Hold Your Standard

November 20th, 2023

It’s helpful to have others around you to hold yourself accountable. You don’t always need to pursue alone. With others either holding you to a certain level or pursuing the same thing as you, it gets easier to remain motivated and committed to the task at hand. But group accountability isn’t what you must always rely on. You need to hold yourself to a standard, your personal standard, because those around you will often fail to do the same. By committing to a standard of excellence you know is your true body of work, you can look in the mirror and honestly assess if you did your best, or if you need to be better in the next trial. No one else has the capability to hold you accountable, to hold you to your individual standard, than yourself. Set the standard and live your standard.

When you have a personal standard, it becomes more than just a mantra, it becomes your creed. You alone know when you live up or fail to live up to this creed. It becomes a part of you if you take it seriously enough. With a personal creed, with your personal standard, you can rely on yourself when you don’t have the luxury of others. It’s your life and having an individual standard to hold yourself to helps you retain control.

With your personal standard held at your core, it’s important to not let others infiltrate and poison the creed you hold dear. The world has evolved to accept that just participating is good enough. That if you don’t hit your goal, it’s okay because you tried your best. Don’t believe it’s okay because someone else tells you it is. Don’t let others define your process after you have spent weeks, months, and years living to your standard. You alone know the capabilities of what living to your standard can do for you.

You can let others soften the blow of any missed goal externally, but internally it should only fuel your fire more. They don’t know what you went through leading up to your performance.
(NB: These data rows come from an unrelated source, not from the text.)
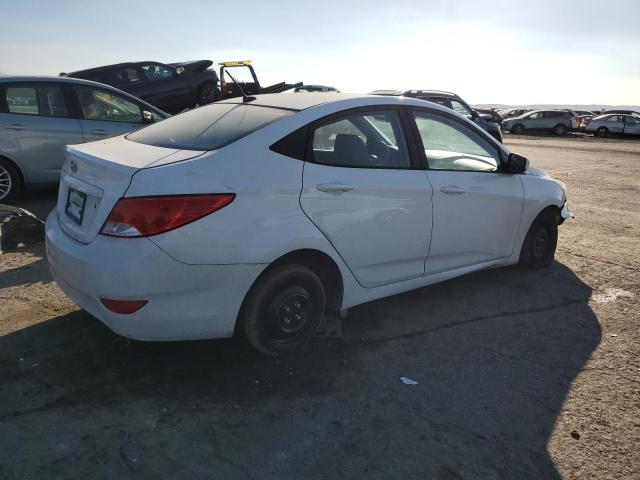 Vin: kmhct4aexgu112616, lot: 79079454, hyundai accent se 20163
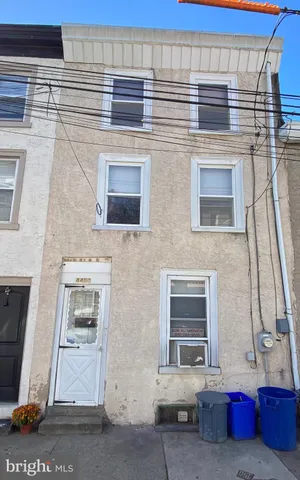 $1,850 | 4450 Baker Street, Philadelphia, PA 19127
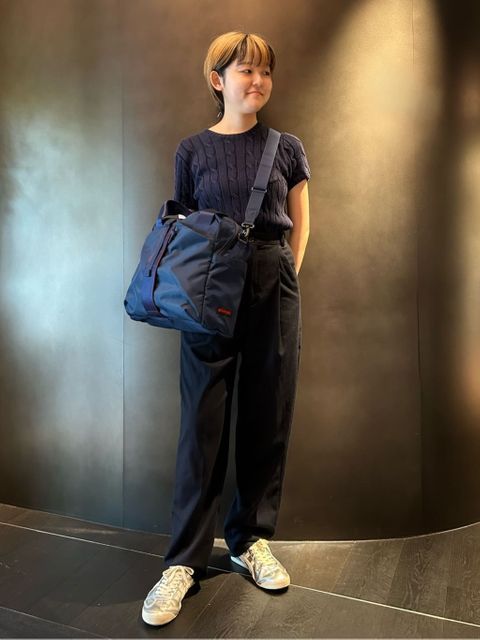 URBAN GYM BOWLING TOTE WR(アーバンジムボーリングトート URBAN GYM BOWLING TOTE WR(アーバンジムボーリングトート
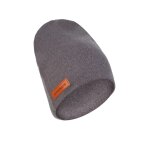Turban en cachemire solide pour bébé, chapeau indien pour garçon et fille, bonnet avec etiquette en cuir ... Turban en cachemire solide pour bébé, chapeau indien pour garçon et fille, bonnet avec etiquette en cuir ...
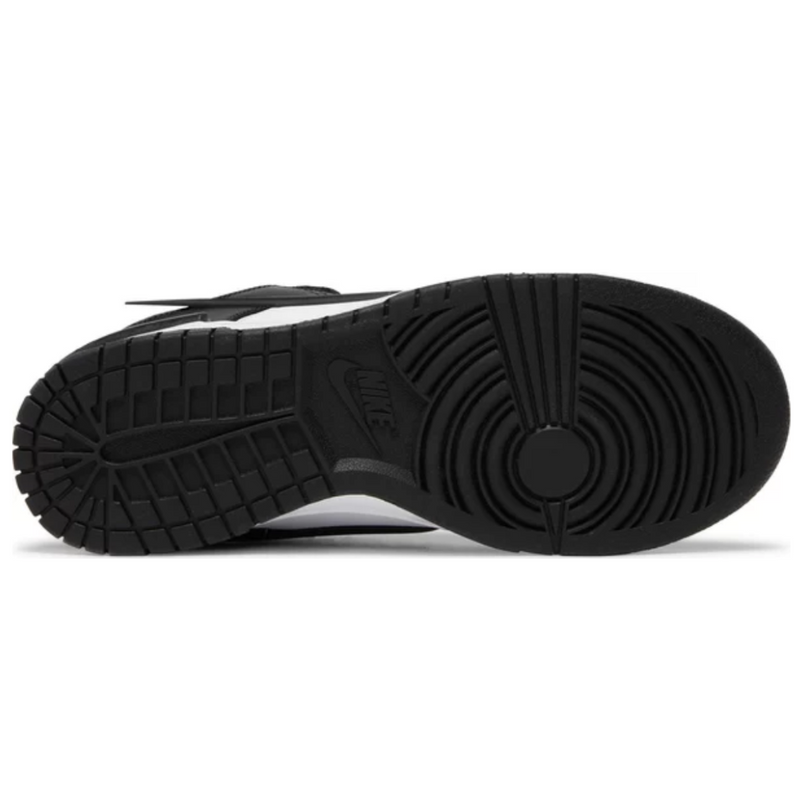 Tênis Nike Dunk Low Twist Panda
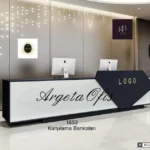 1653 Danışma Bankosu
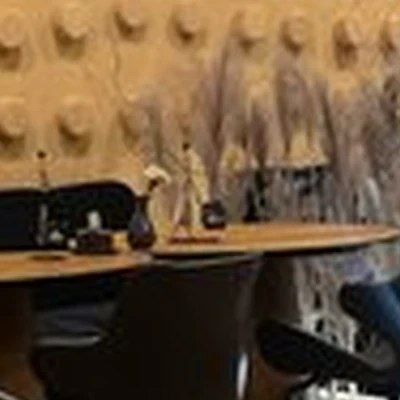 Charme в Грозном проспект Владимира Владимировича Путина, 3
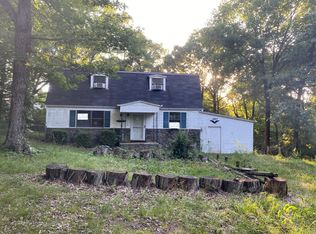 14817 Twin Dr, Cabot, AR 72023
They weren’t there day in and day out as you held yourself to your standard. They think what you did was good enough because they lack the insight, knowledge, belief, and fundamental fire that your standard—your creed provides. All failures and shortcomings are opportunities to learn more based on the feedback you receive. You can accept your failure and still get back into the laboratory to refine your processes so you never feel the same sense of failure again.

You need to hold yourself to your standard, no matter what else other people tell you. You alone know what is up to your standard. You alone know how it feels to be so close to your goal and then fall short. You alone know it’s not okay, it’s not good enough because you tried. You alone know that with any failure comes an opportunity to regroup and attack again. You alone know what it’s like to hold yourself to your standard.

I didn’t reach my marathon goal, room to learn and grow.